INSTRUCTIONS TO FOLLOW:
The data below should be restated word for word, pictures omitted.

--- START ---

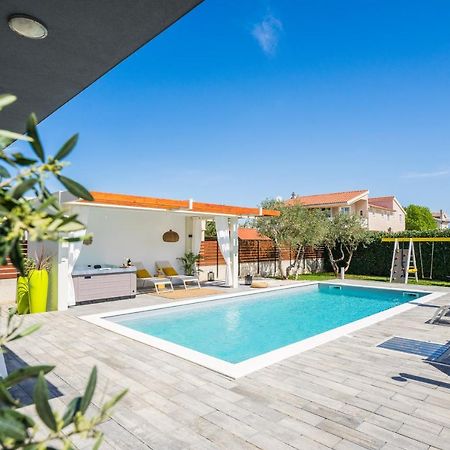 Villa Olea With Heated Pool And Jacuzzi Sukosan Bagian luar foto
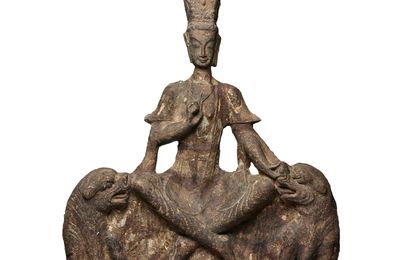 A carved limestone seated figure of Maitreya, Northern Wei Dynasty or later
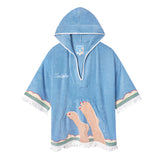 Sky blue terrycloth poncho with white fringe and trim, featuring an embroidered design of legs with red-painted toenails and waves along the hem. 'Tombolo' is stitched in white on the chest.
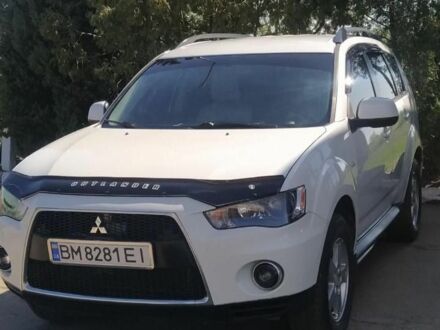 Білий Міцубісі Аутлендер, об'ємом двигуна 2.4 л та пробігом 167 тис. км за 12500 $, фото 1 на Automoto.ua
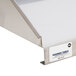 A close-up of a stainless steel wall mount shelf.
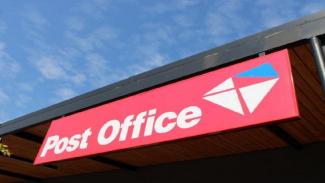 People collecting R350 grant at post office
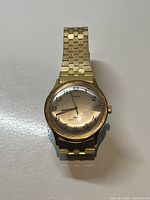 Front view of the vintage TIMEX gold plated men's mechanical watch showing the dial with Arabic numerals and date window at 3 o'clock.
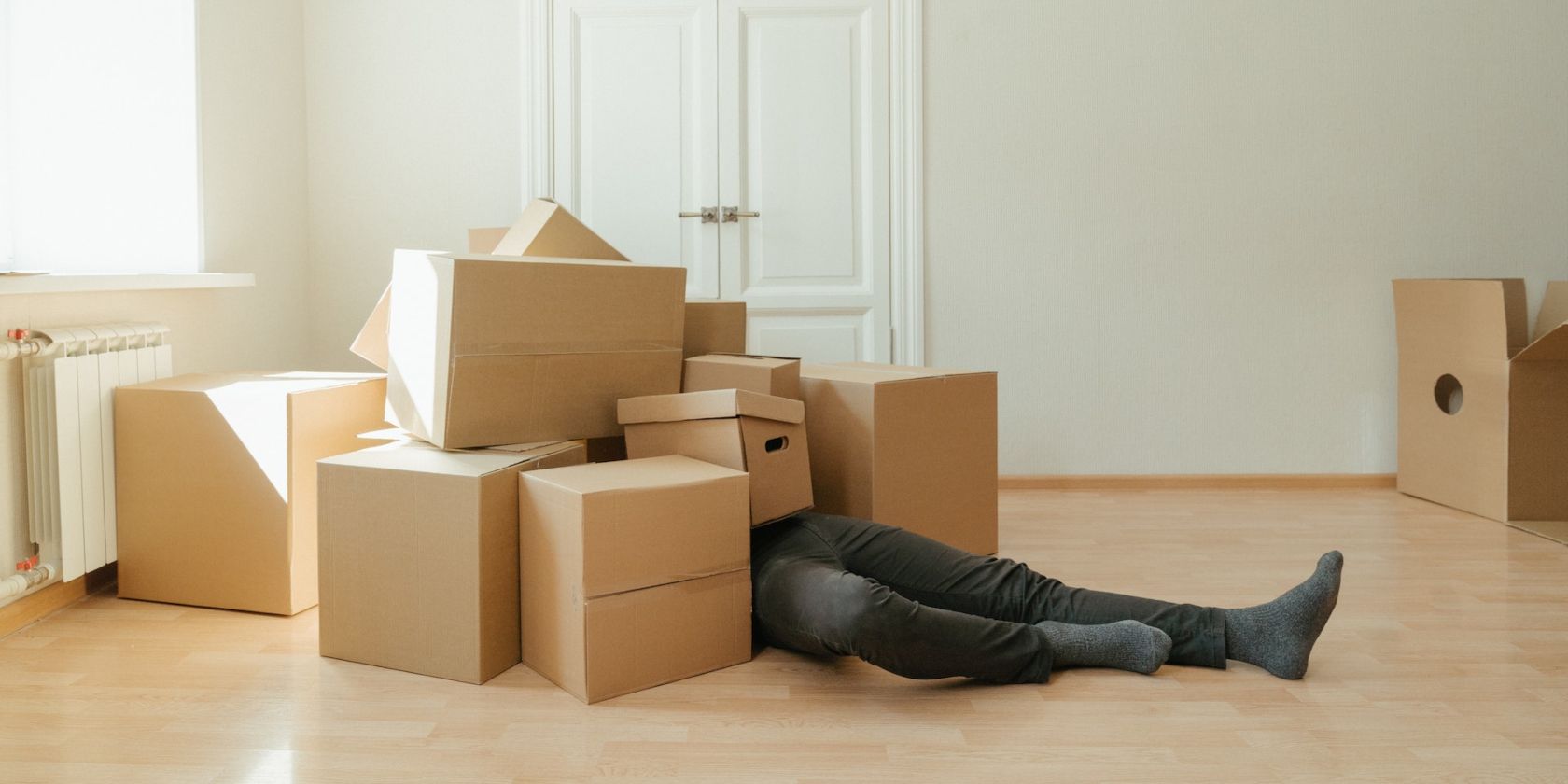 a person buried under a pile of boxes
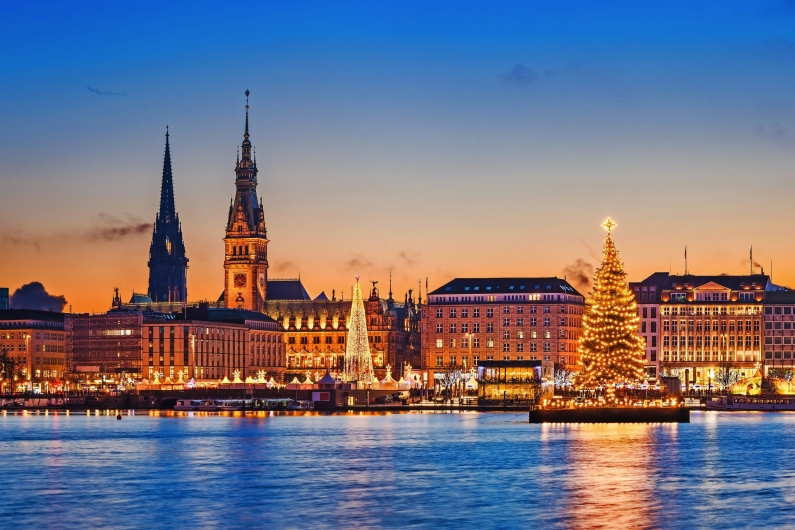 Abendliche Skyline von Hamburg mit Weihnachtsbaum und Lichtern am Wasser.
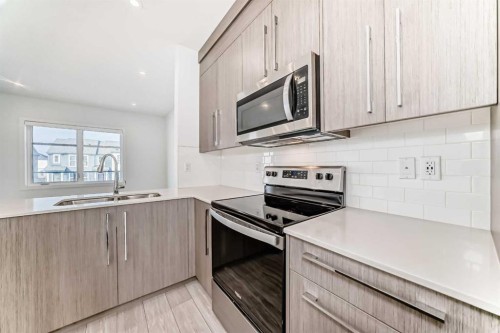 693 Savanna Boulevard Ne, Calgary, AB - Indoor Photo Showing Kitchen With Stainless Steel Kitchen With Double Sink With Upgraded Kitchen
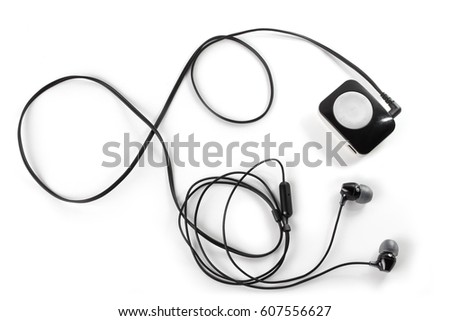 Mp3 player and headphones, isolated on white Royalty-Free Stock Photo #607556627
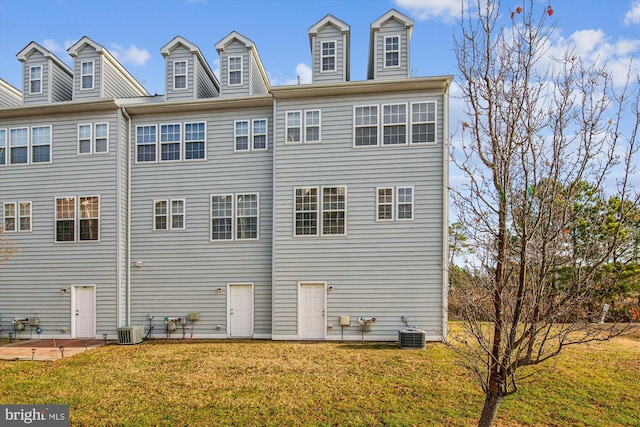 view of home's exterior with a yard and central AC unit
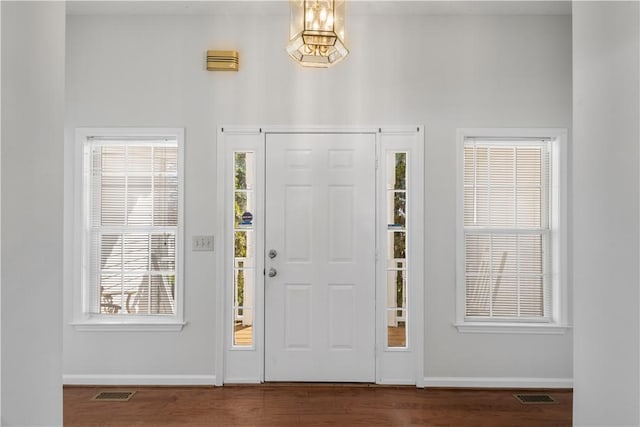 entryway with dark wood-style flooring, visible vents, and baseboards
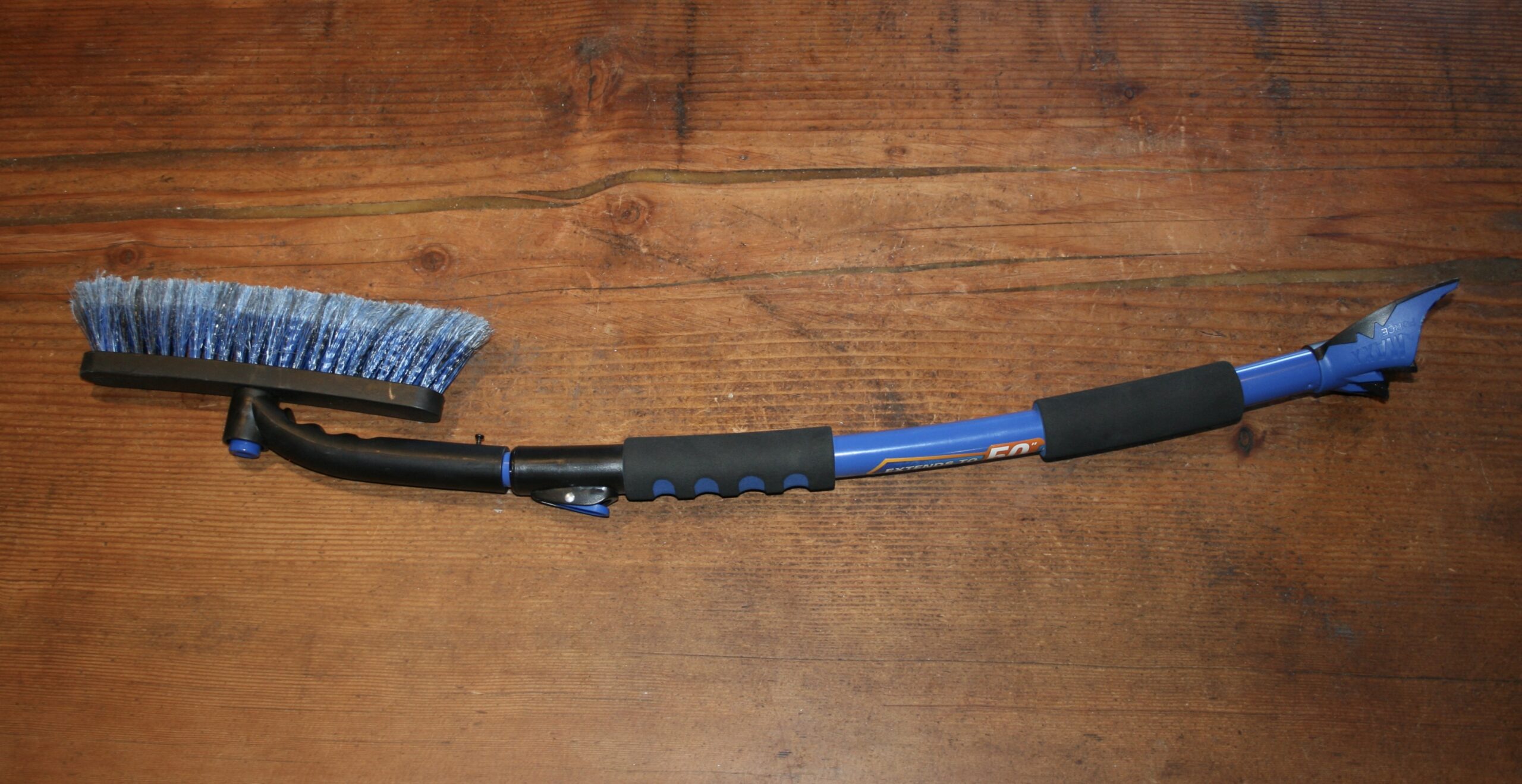 Extendable snow brush and ice scraper for truck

--- END ---

EXERCISE SOLUTION:
 Villa Olea With Heated Pool And Jacuzzi Sukosan Bagian luar foto
 A carved limestone seated figure of Maitreya, Northern Wei Dynasty or later
 Sky blue terrycloth poncho with white fringe and trim, featuring an embroidered design of legs with red-painted toenails and waves along the hem. 'Tombolo' is stitched in white on the chest.
 Білий Міцубісі Аутлендер, об'ємом двигуна 2.4 л та пробігом 167 тис. км за 12500 $, фото 1 на Automoto.ua
 A close-up of a stainless steel wall mount shelf.
 People collecting R350 grant at post office
 Front view of the vintage TIMEX gold plated men's mechanical watch showing the dial with Arabic numerals and date window at 3 o'clock.
 a person buried under a pile of boxes
 Abendliche Skyline von Hamburg mit Weihnachtsbaum und Lichtern am Wasser.
 693 Savanna Boulevard Ne, Calgary, AB - Indoor Photo Showing Kitchen With Stainless Steel Kitchen With Double Sink With Upgraded Kitchen
 Mp3 player and headphones, isolated on white Royalty-Free Stock Photo #607556627
 view of home's exterior with a yard and central AC unit
 entryway with dark wood-style flooring, visible vents, and baseboards
 Extendable snow brush and ice scraper for truck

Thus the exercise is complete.